В предложении диавола указывалась власть не в смысле императорской короны с придворным блеском, не в смысле государственного начала, как оно применяется для своих целей, а в смысле известного принципа, которым определяется отношение греховного міра к господству истины и добра: в искушении диавола предлагалось применить внешнюю власть к делу религии, к делу спасения человека. Идеальною целью человеческих взаимоотношений служит единство человеческого рода. Но следует различать единство міра (или общества) на основе преклонения всех пред истиною и добром и единство на основе внешней власти или принуждения с целью дать господство истине или добру. Смысл последнего единства в том, что человек по своей греховной привязанности к видимому ценит истину только торжествующую, добро только во внешнем величии. Не постигая внутренней красоты истины и внутреннего величия добра, он не может понять истину гонимую и добро уничиженное. Исходя из своей привязанности к личному счастью и видимому совершенству, он не только ждет того и другого, как награды за добродетель, как следствия добра, но и считает их признаками добра и истины. Он преклоняется пред видимым блеском, предполагая в нем добро; он признает истину на той стороне, где видит силу. Отсюда то и возникает (не имеющее ничего общего с гражданским честолюбием) искушение воспользоваться внешнею властью и мирскою славою, как средством дать торжество истине и добру. Как все чистое может загрязниться в нечистых руках, все благородное может оскверниться в нечистом сердце, так и это искушение может совпадать иногда с порывом простого честолюбия; но преимущественно это есть искушение благородных людей, избранников и посланников Божиих, религиозных реформаторов. Не должно ли избраннику Божию — без всякого опасения подпасть греху честолюбия — овладеть наперед народною властью, явиться пред толпою во внешнем величии, чтобы потом силою власти насадить в человеческом сердце добро? Это вопрос близкий к сердцу всякого, кто любит истину, скорбит об угнетенном добре и еще более о тех, которые не постигают внутреннего величия добродетели. Так и Христу искуситель указывал на мирскую славу, как на средство к покорению всех царств вселенной.

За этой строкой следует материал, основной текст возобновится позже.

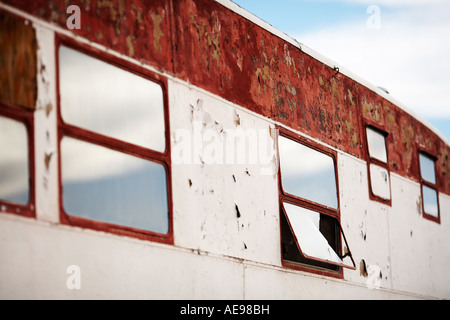 Sky riflessioni sulla Red Mobile Home a Bombay Beach Salton Sea California USA Foto Stock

Это искушение менее всего было рассчитано на обольщение Христа властью. Его сила в действительном настроении міра. Отклонив первые искусительные предложения, Иисус Христос отказался от приобретения народной веры силою чудесного питания людей и знамений с неба. Но в таком случае, — говорил искуситель, — как Он может привлечь к Себе этот мір? Ведь все царства вселенной находятся во власти диавола (уже в силу известного настроения человека, его привязанности к внешнему, к мирскому); мір может покориться только тому, кто победит его внешнею властью, внешним блеском, включая сюда знамения с неба, чудесное питание народа, — только тому, кто приспособится к духу міра и чрез то поклонится диаволу. — В третьем искушении диавол, таким образом, прямо именует себя, говорит о своей власти над миром и неприкровенно указывает на поклонение себе. Это обстоятельство объясняется [277] не произволом искусителя, а смыслом искушения: в нем указывалось на действительное зло, в котором мір лежит, и в этом указании была его сила. Ведь мір действительно лежит во зле, ведь греховный человек действительно преклоняется пред истиною и добром только тогда, когда они являются в одежде внешнего самодовольства, видимого торжества, видимой славы. Для человеческого рассуждения, самого здравого, не подлежит никакому сомнению, что таким миром истина может овладеть только при посредстве внешнего насилия. С другой стороны, Христу, как Спасителю, надлежало овладеть миром. „Ничего, — говоря словами Тренча, — не могло быть справедливее, как то, чтобы все царства міра принадлежали Христу, ничто не было вернее того, что Он, как Мессия, унаследует их. И поэтому, чувствуя и сознавая, что Он законный царь народов, имеющий власть благословлять их всяким благословением, как их царь, имея такие пророчества о Своем царстве и о том, чем это царствование должно быть (Ис. XXXII, 1–8; Пс. LXXI), Он, вероятно, чрезвычайно желал, а по совершенству Своей природы и должен был желать, чтобы царства міра принадлежали Ему“ [278]. Поэтому Христу, как будущему царю, необходимо было так или иначе отнестись к злому духу, царствующему в міре [279]. Вот в этой–то необходимости и состояла сила третьего искушения.
277
Невозможно предположить, что речь в третьем искушении шла о принятии власти, из рук диавола под условием единовременного поклонения ему: такое искушение не было бы искусительно даже для большинства из греховных людей, такое предложение диавола было бы отвратительно и для человеческого слуха.